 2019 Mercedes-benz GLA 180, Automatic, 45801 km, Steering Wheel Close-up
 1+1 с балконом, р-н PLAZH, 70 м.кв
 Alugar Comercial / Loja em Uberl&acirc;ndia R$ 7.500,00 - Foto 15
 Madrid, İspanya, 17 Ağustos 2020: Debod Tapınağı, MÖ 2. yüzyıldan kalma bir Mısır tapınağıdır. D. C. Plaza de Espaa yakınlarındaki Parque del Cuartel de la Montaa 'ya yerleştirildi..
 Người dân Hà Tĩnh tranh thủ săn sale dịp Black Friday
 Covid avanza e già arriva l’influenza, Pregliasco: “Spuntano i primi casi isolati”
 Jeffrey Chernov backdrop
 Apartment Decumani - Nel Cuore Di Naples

*****

ABOUT THIS TASK:
Copy out only the lines from the one containing "1+1 с балконом, р-н PLAZH, 70 м.кв" down to the last line of the material, keeping both ends.

SOLUTION TO THE EXERCISE:
 1+1 с балконом, р-н PLAZH, 70 м.кв
 Alugar Comercial / Loja em Uberl&acirc;ndia R$ 7.500,00 - Foto 15
 Madrid, İspanya, 17 Ağustos 2020: Debod Tapınağı, MÖ 2. yüzyıldan kalma bir Mısır tapınağıdır. D. C. Plaza de Espaa yakınlarındaki Parque del Cuartel de la Montaa 'ya yerleştirildi..
 Người dân Hà Tĩnh tranh thủ săn sale dịp Black Friday
 Covid avanza e già arriva l’influenza, Pregliasco: “Spuntano i primi casi isolati”
 Jeffrey Chernov backdrop
 Apartment Decumani - Nel Cuore Di Naples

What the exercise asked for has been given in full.